The Rs. 92.69 crore Today’s Writing Products is also looking at this export pie. Currently just 3% of its revenue comes from exports. The company wants to increase the top line and take the share of exports from 3% to 50%. All in a period of two years.

To achieve this the company is going to set up a plant with a capacity of 2 million pens per day at an investment of Rs. 58 crores. The current capacity of the company is 1.5 million pens per day. This is going to be an export oriented unit and the implementation would start this September. The best thing about this plant is that the company will employ just fewer than 50 workers whereas the current plant has a number that tops two thousand.

Besides this the advantage that the company already has is that it is a fully integrated player and has facilities for mould making through assembly. This means that the company is more profitable and the company would better absorb the impact of rising raw material cost.

The international demand will be catered to in two ways. One is that the company will act as an OEM. This is where the huge volumes are as opposed to the other strategy of selling branded products. It is already selling branded products in the retail store of UK. Wal Mart has also done due diligence with the company to outsource.

For the domestic market the company wants to enter the high value pens markets where the profitability is higher and for this they want to use the malls and department stores for distribution.

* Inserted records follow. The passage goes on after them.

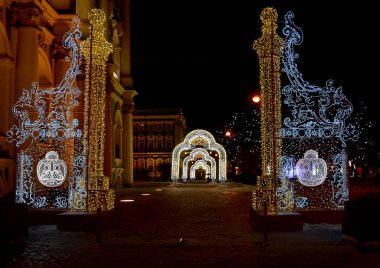 St. Petersburg 'un merkezinin New York için şenlikli dekorasyonu.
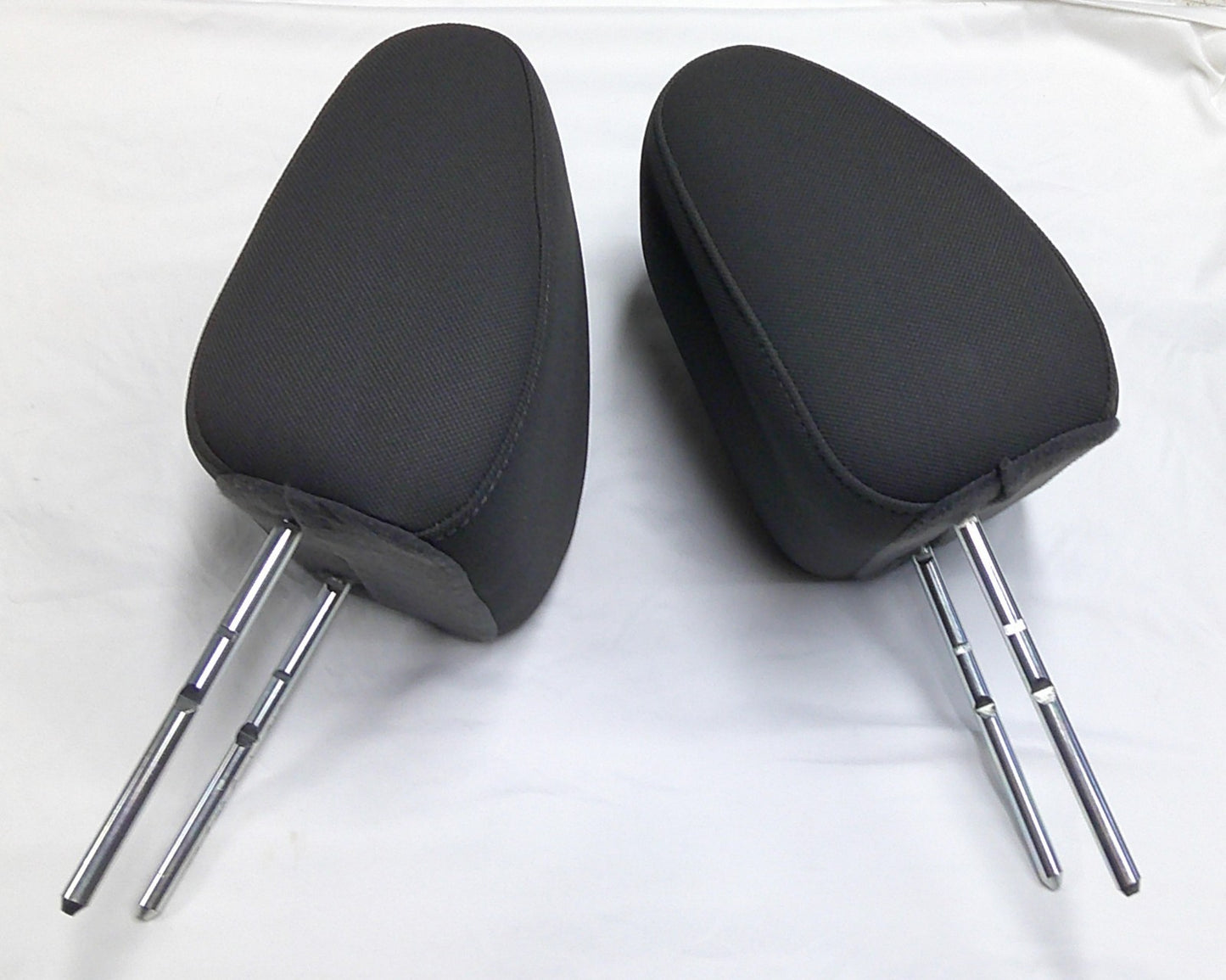 04 - 08 Ford F-150 Headrest Head Rest Set Dark Gray Cloth OEM 4L3Z-18611A08-BBC
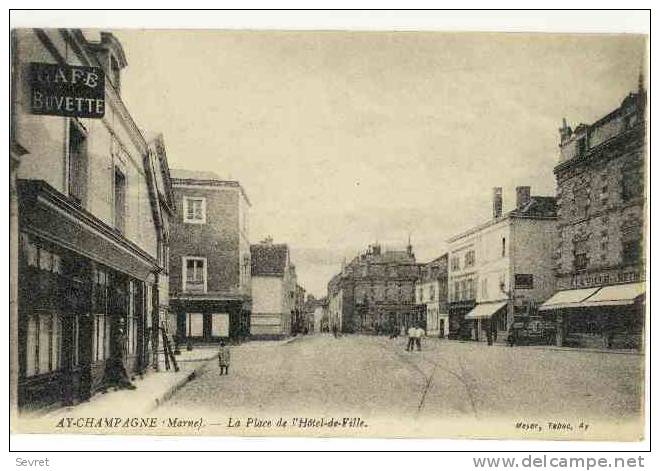 51  -  AY-CHAMPAGNE. - La Place De L´Hôtel De Ville. - Ay En Champagne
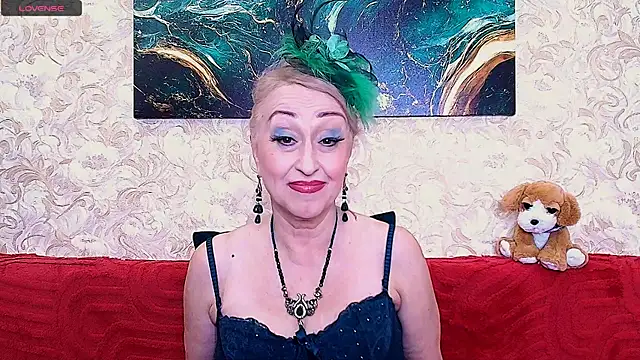  Sara  Smith  online show from May 30, 8:34 am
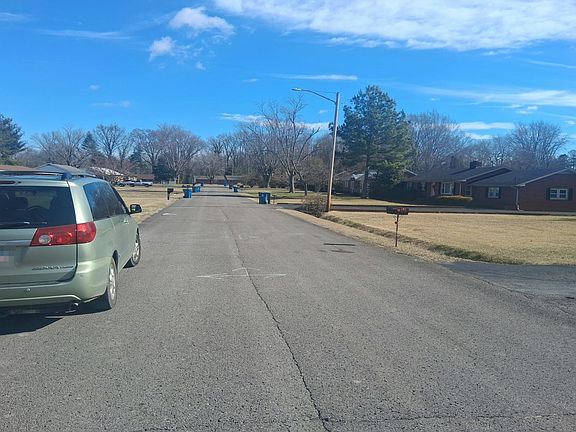 4th image of 611 Henley St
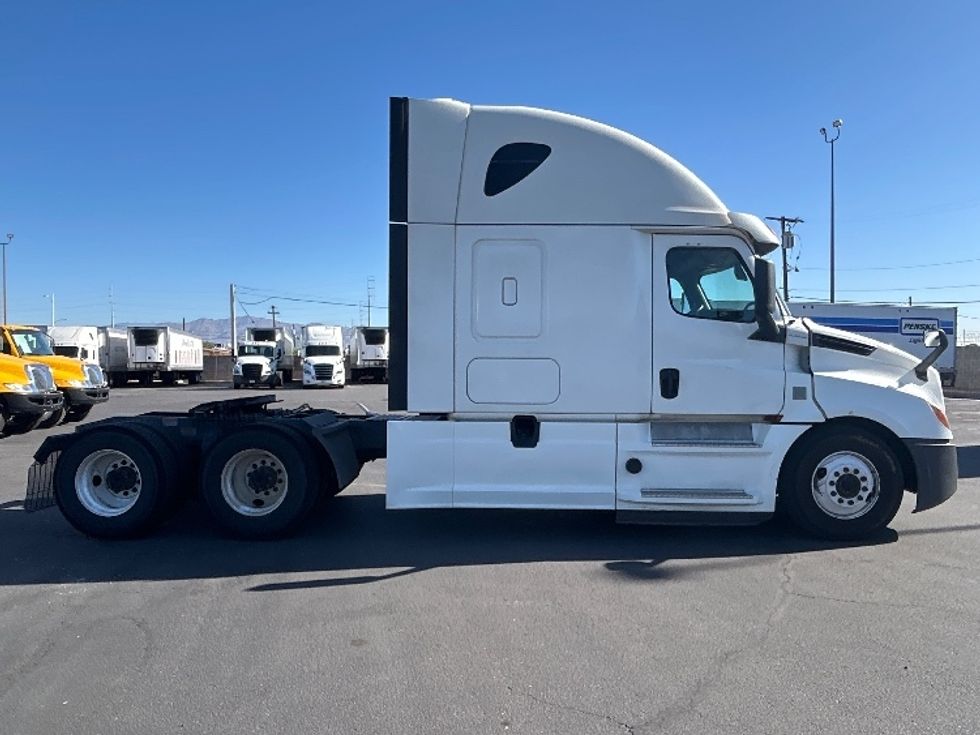 Sleeper Tractor-Heavy Duty Tractors-Freightliner-2020-T12664ST-Phoenix-AZ-640,807\n\t\tmiles-$ 55,500 - Image 8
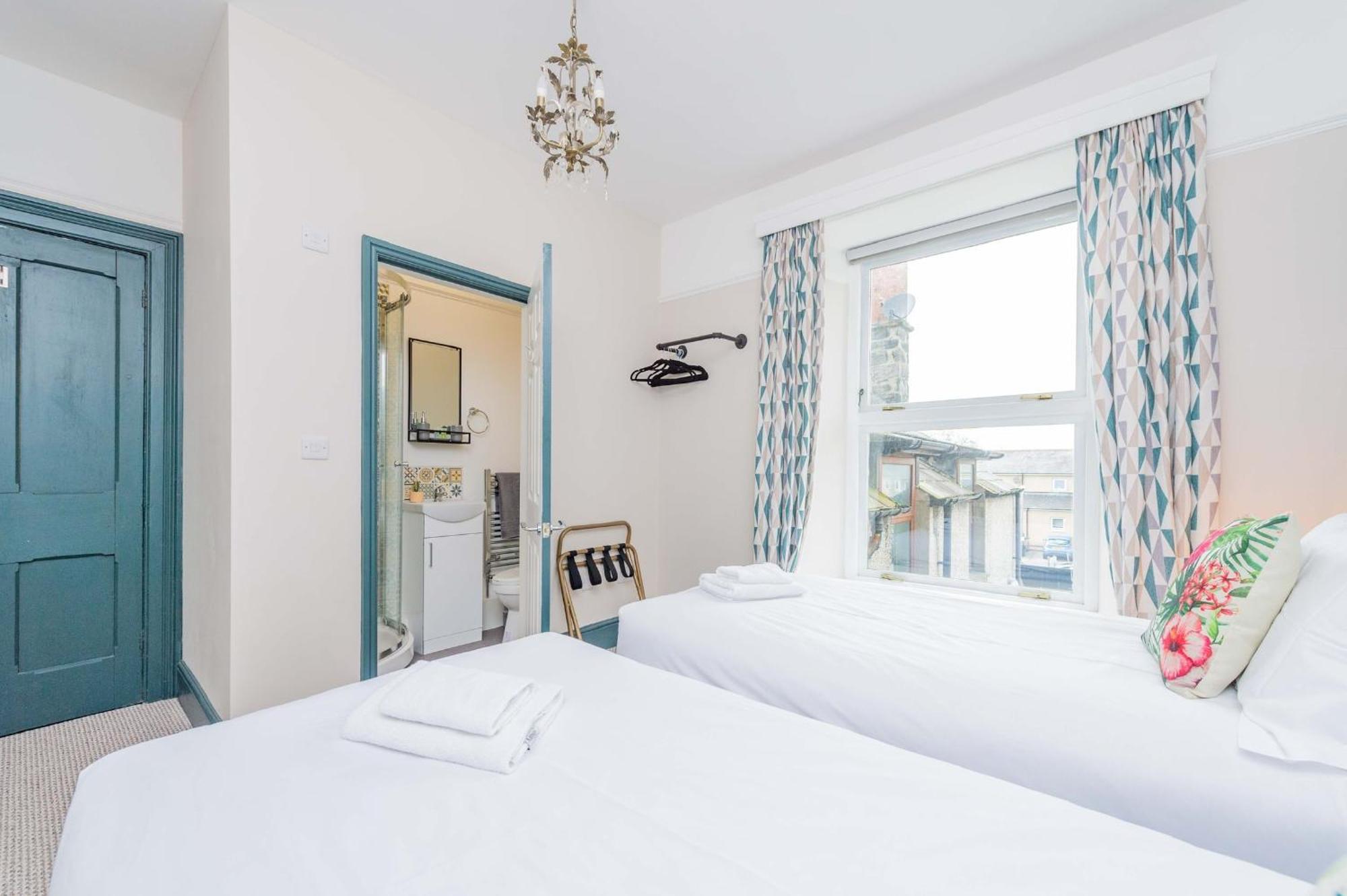 Snowdon House, 8 Bedrooms, Sleep 16, Close To Blackrock Sand Porthmadog Buitenkant foto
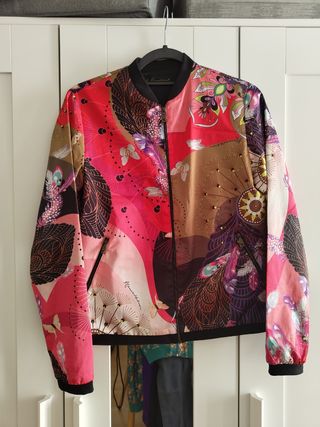 Chaqueta Bomber Estampada Multicolor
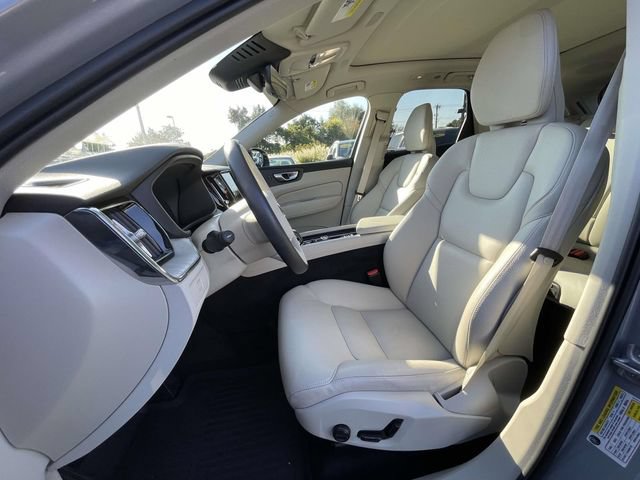 Certified 2024 Volvo XC60 B5 Plus AWD/4WD image 17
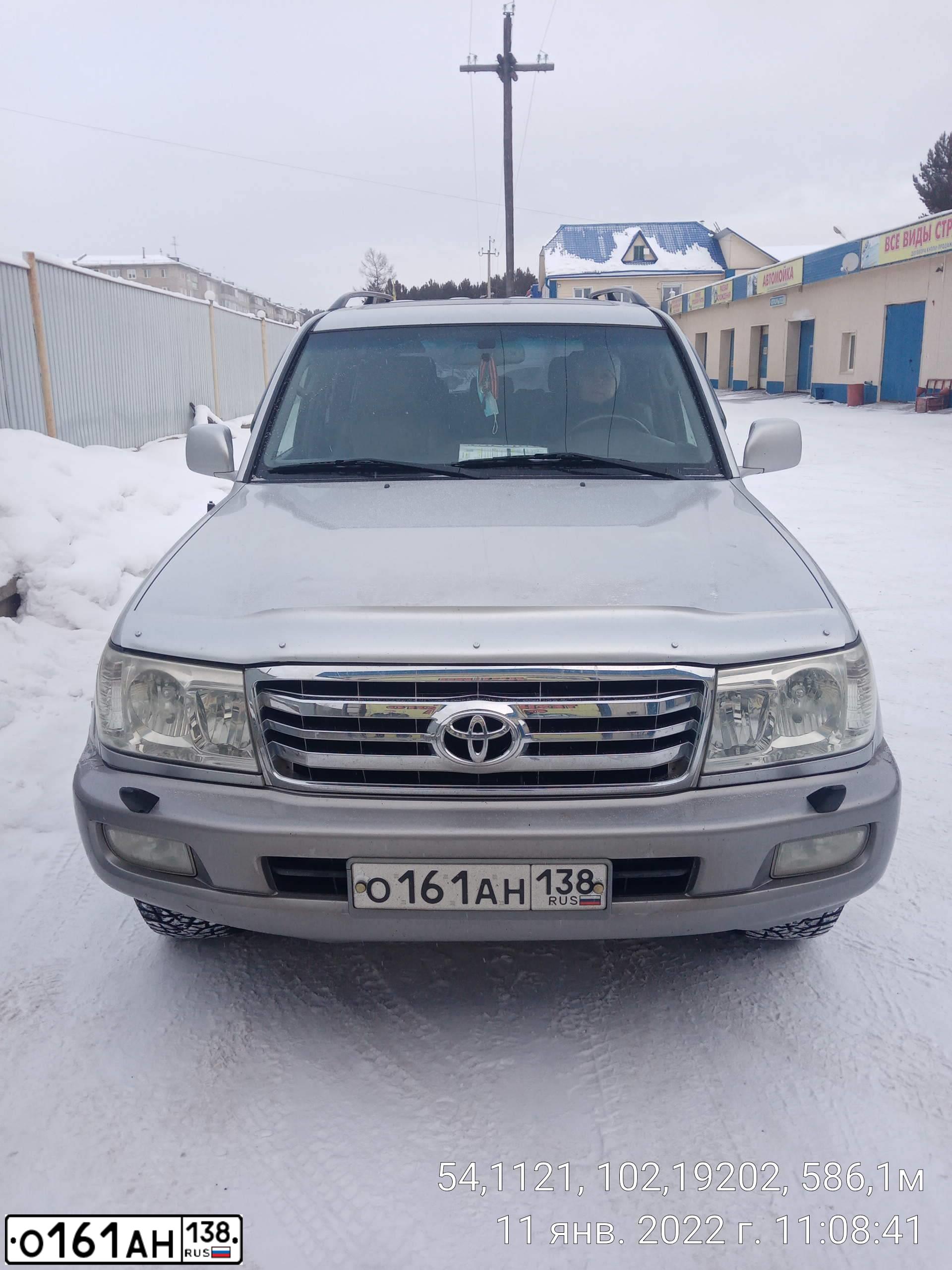 Фото автомобиля TOYOTA LANDCRUISER, 2006 — госномер О161АН138. Цвет: СЕРЕБРИСТЫЙ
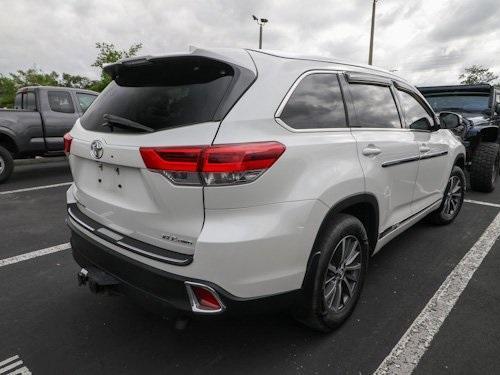 2018 Toyota Highlander SE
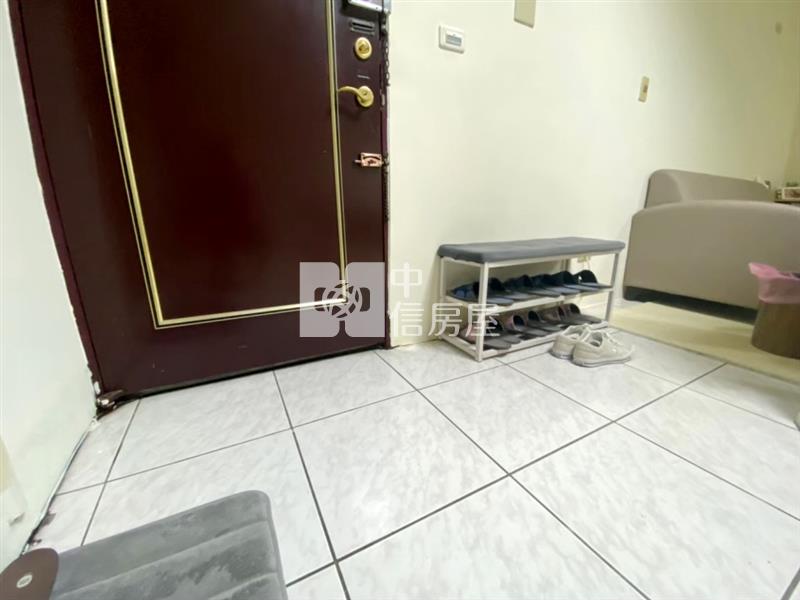 【新世紀】中壢中美大樓大套房房屋室內格局與周邊環境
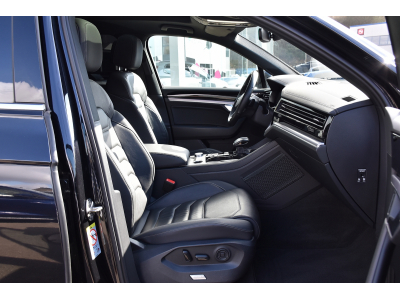 Volkswagen Touareg 3.0 TDI DSG R-Line 4Motion DSG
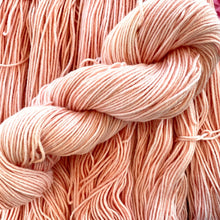 Load image into Gallery viewer, Peach Belini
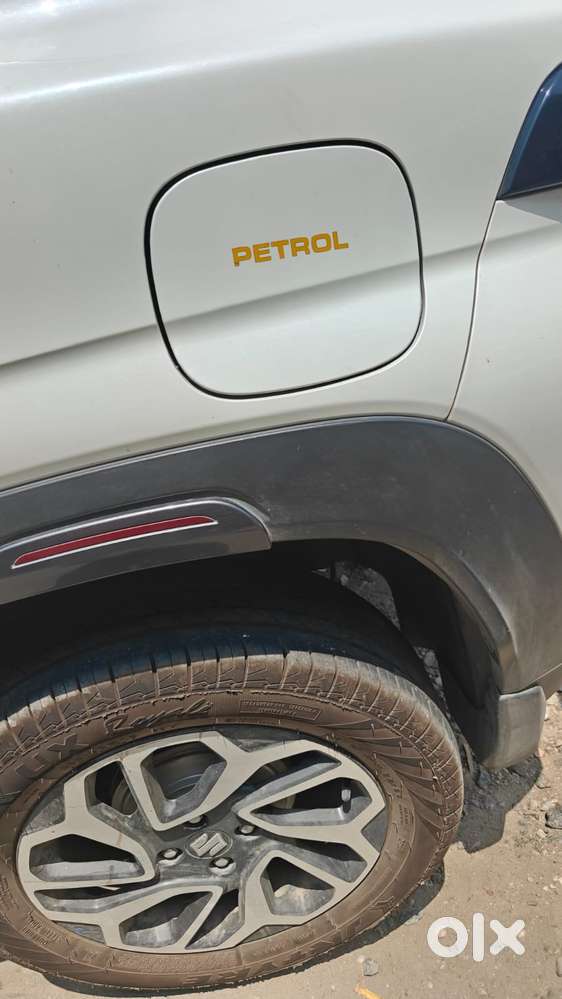 Maruti Suzuki Fronx Alpha 1.0l Turbo 6 At, 2023, Petrol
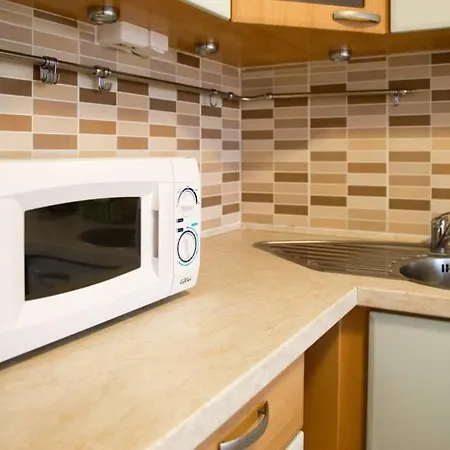 Modern - Airport 8mins Apartment Prague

The company made a profit of Rs.7.80 crores for the fiscal 2004-05. This was on a turnover of Rs. 92.69 crores and the EPS works out to be Rs.6.5. The current market price of the share is Rs.70 and the P/E comes to around 11 times. Considering the growth plans of the company it’s a good pick for anyone who can wait for the new plant to be up and running and the export realizations to translate into profits which could start happening in about a couple of years time.